Ms. Strider was among the first wave of New York Pop artists and was included in “The First International Girlie Show” at the Pace Gallery in 1964, along with several soon-to-be stars of the movement, including Andy Warhol, Roy Lichtenstein and Tom Wesselmann. She said she did not initially think of her works as Pop, but had grown bored in the 1950s making paintings that were perspectivally flat and began adding things like cardboard and wood to the surface to make them more sculptural.
She did this with paintings of plants and vegetables but also with bright triptychs of bikini-clad women, adding what she called “build-outs” to make the breasts and bottoms of the women emerge realistically out of the image, a challenge to the passive gaze.
She described her pinup paintings as “a satire of men’s magazines,” and they — along with “Girl With Radish,” a 1963 work showing a woman’s cartoonish face with her mouth suggestively open and a bright red radish clamped between her teeth — remain some of her best-known pieces. But Ms. Strider was stylistically and intellectually restless and quickly moved on to other kinds of work, which rarely received the attention of her early paintings.
Berta Walker, the owner of a gallery in Provincetown, Mass., who knew Ms. Strider for many years, said that she “refused to be a factory of art when her gallery asked her — her downfall and her saving.”
Marjorie Virginia Strider was born on Jan. 26, 1931, in Guthrie, Okla., the second of five children. Her father was a cement contractor and her mother was a secretary at an Air Force base near Oklahoma City and also led local campaigns to improve literacy.
Ms. Strider attended the Kansas City Art Institute in Missouri and Oklahoma State University and worked designing shoe-store window displays before moving to New York in 1957. “I never wanted to be anything but an artist,” she said in a 2010 interview. “That’s why I never had children.
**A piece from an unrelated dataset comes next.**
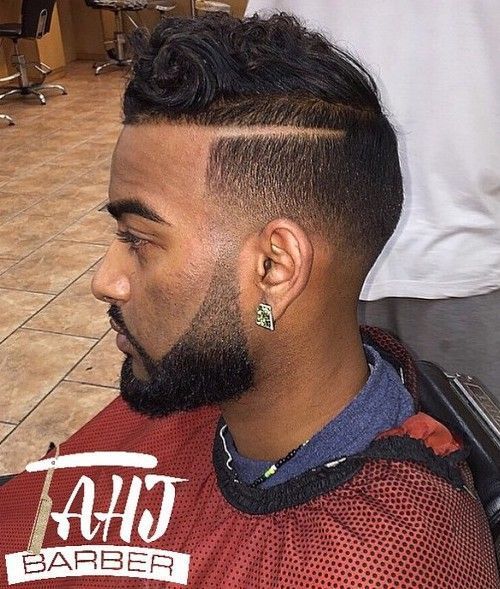 decolorare haircut for black men with a shaved part line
I knew I couldn’t do both and do both well.”
In 1960 she married the artist and writer Michael Kirby, who later became a professor of theater and performance at New York University. They were divorced in 1969. She is survived by a sister, Nancy Rattner; a brother, James D. Strider; and 11 nieces and nephews.
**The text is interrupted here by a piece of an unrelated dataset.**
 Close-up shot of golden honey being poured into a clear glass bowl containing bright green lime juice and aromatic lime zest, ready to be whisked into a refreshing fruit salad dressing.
She supported herself for many years teaching at the School of Visual Arts, living in SoHo when that neighborhood was just emerging as an artists’ neighborhood and later in TriBeCa. In 1969 she was one of the organizers of a group of artists and poets who staged an influential public performance over several months called “Street Works.”
In them, Vito Acconci followed random strangers, being photographed as he did so. Adrian Piper recorded street noise and replayed it later, at double speed, walking in the same area where she had recorded it. For her own work, Ms. Strider hung more than 30 empty gilded picture frames in various places on the streets: on a fire hydrant, on a tree, against a painted wall. She then returned to the idea over several months, making it more conceptual as she went; in the area where she had hung the frames, she returned and draped a large felt banner with the words “Picture Frame” written on it.
For many years in the 1970s she worked with urethane foam, creating huge, sinuous installations that seemed to flow out of building windows or down staircases. Later paintings returned to the female form but often used it to play with abstraction: a close-up of a jawline, hair and mouth dissolving into hard line and bright color; a bikini bottom and legs as a five-triangle composition exercise. From 1982 to 1985, a retrospective of her work that began at the SculptureCenter in New York toured several cities in the United States.
At a time when women struggled mightily for visibility in the art world, Ms. Strider was often fearless and pointedly droll with her public image. In the winter 1971 issue of the art magazine Avalanche, she took out a full-page ad showing herself topless, riding a horse, in a slightly blurry, off-kilter picture that looks as if it could be the basis for a Gerhard Richter painting. Her perseverance, she said in an interview with Jonathan Gams, in the 2004 book “Marjorie Strider: Dramatic Gestures,” was sometimes all that got her through.
“I believed those men who either outright said or alluded to the fact that women weren’t good enough to compete in the real art world,” she said. “But thank God it didn’t stop me from working. I’ve always worked intensely.”